That observation is correct. The conclusion usually drawn from it — therefore, model it five times, once per context, and translate between the copies — is not the only available response, and I'd argue it's rarely the right one. When a single word is doing genuinely different jobs in different parts of the business, that is usually evidence that it was never one concept to begin with. It's evidence of exactly the same mistake Book made before Loan was extracted from it — a name covering more than one responsibility — except at a larger scale, and instead of doing the extraction (naming the actual underlying concepts: a contract, a claim case, a reserve calculation — each with its own identity, its own lifecycle, connected by ordinary references, the same way Order, Invoice, and Shipment are three objects rather than three departments' versions of one), the bounded-context move keeps the original, overloaded name in every room and adds a translation layer at each door. That's not respecting the business's multiple truths. It's declining to find out what the business's multiple truths are actually called.
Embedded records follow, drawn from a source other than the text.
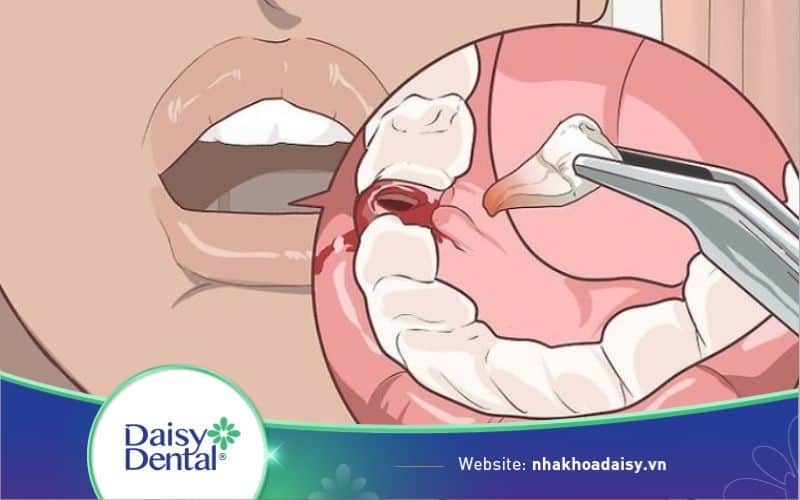 mẹo cầm máu sau khi nhổ răng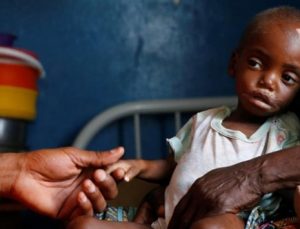 Nijerya’da yetersiz beslenme nedeniyle 81 çocuk yaşamını yitirdi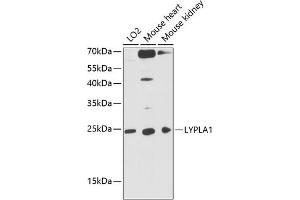 Western blot analysis of extracts of various cell lines, using LYPL antibody (ABIN1680728, ABIN3018907, ABIN3018908 and ABIN6220622) at 1:3000 dilution. (LYPLA1 anticorps  (AA 1-230))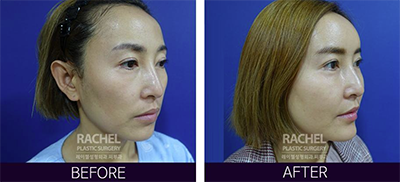 韩国蕾切尔整形外科面部脂肪填充手术对比案例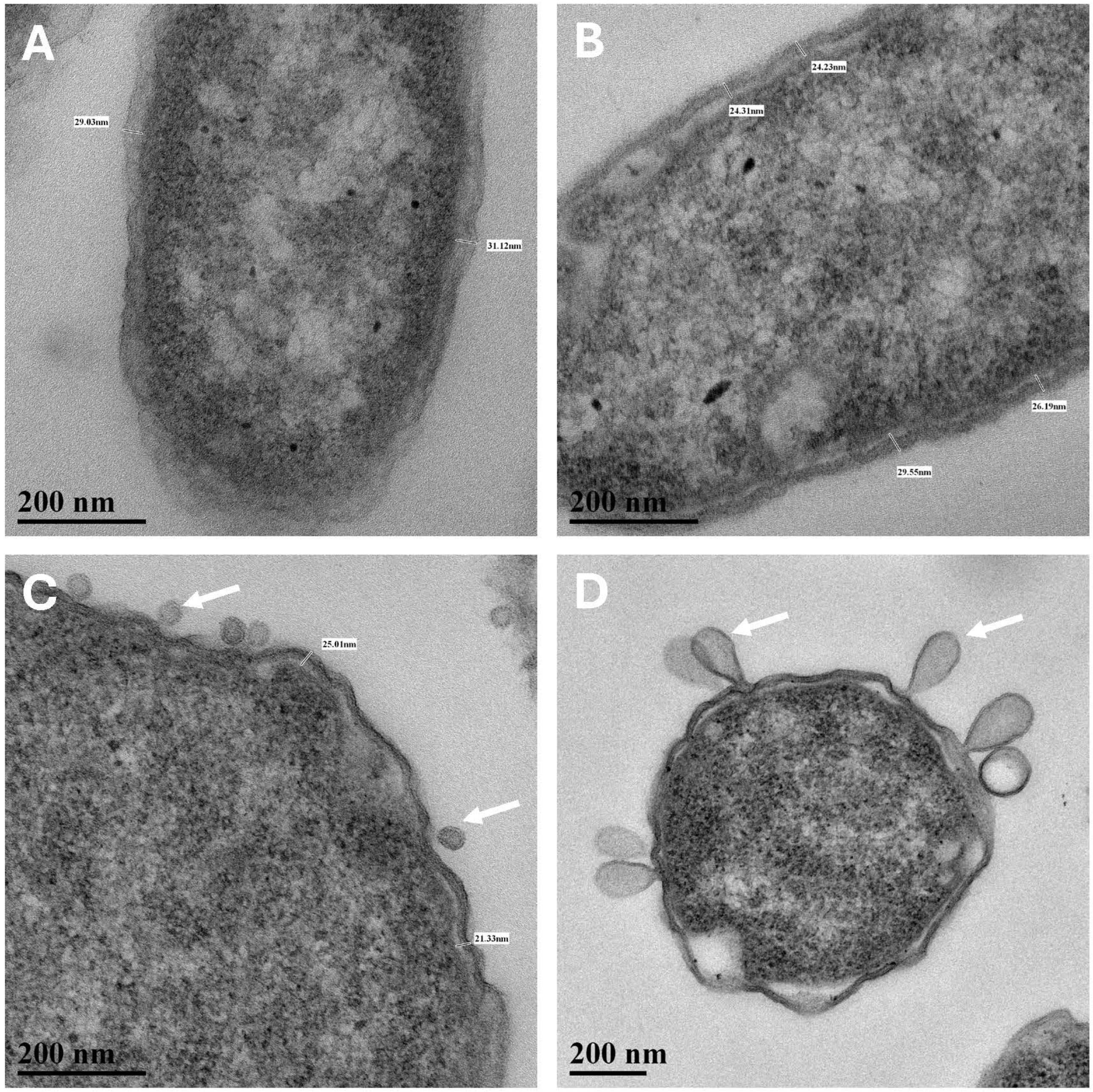 Microorganisms 13 02466 g005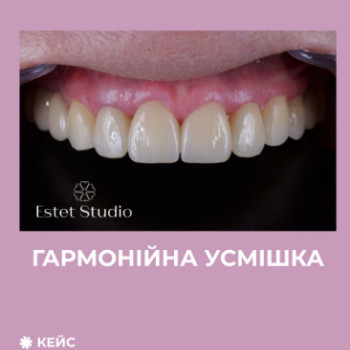 Фото с портфолио Галина Макогон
This is worth stating plainly, because it's easy to mistake for a concession it isn't: the deeper the semantic divergence, the more extraction work is implied, not less — and the more reason to do it inside one model, where the newly-named concepts can still reference each other directly, rather than across a boundary that forces every relationship between them through an anti-corruption layer. A reinsurance contract and the claim filed against it are obviously different things with different lifecycles; that's an argument for ReinsuranceContract and ClaimCase as two well-named, related objects, not for two disconnected "Policy" models maintained by two teams who've agreed never to look directly at each other's data. Genuine semantic depth is the strongest case for doing the modeling work, not the exception that excuses skipping it.
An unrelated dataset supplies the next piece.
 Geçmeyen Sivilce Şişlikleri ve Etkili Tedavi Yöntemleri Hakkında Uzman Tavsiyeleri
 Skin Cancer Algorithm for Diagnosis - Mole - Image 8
None of this is an argument that physical distribution is always wrong. There are real, legitimate reasons to run things as separate deployable units: independent failure isolation that actually matters operationally, genuinely independent scaling needs, regulatory requirements that mandate separation for audit or compliance reasons unrelated to modeling at all. The test for whether a split like that is healthy is simple, and it's the same test from the start of this article: does the domain model have to change shape to accommodate the split? If the answer is no — if the same concepts, the same responsibilities, the same rules hold, and only the mechanism for reaching across them changes from a method call to a network call — then the split is a free, reversible decision about deployment, made after the model earned the right to be trusted, and accidental complexity is correctly staying downstream of essential complexity. If the model does have to change shape — if concepts get duplicated, renamed per-context, or translated through an anti-corruption layer to paper over a divergence nobody actually investigated — then the split came first, and the modeling work that should have preceded it never happened. The boundary became a substitute for understanding, not a consequence of it.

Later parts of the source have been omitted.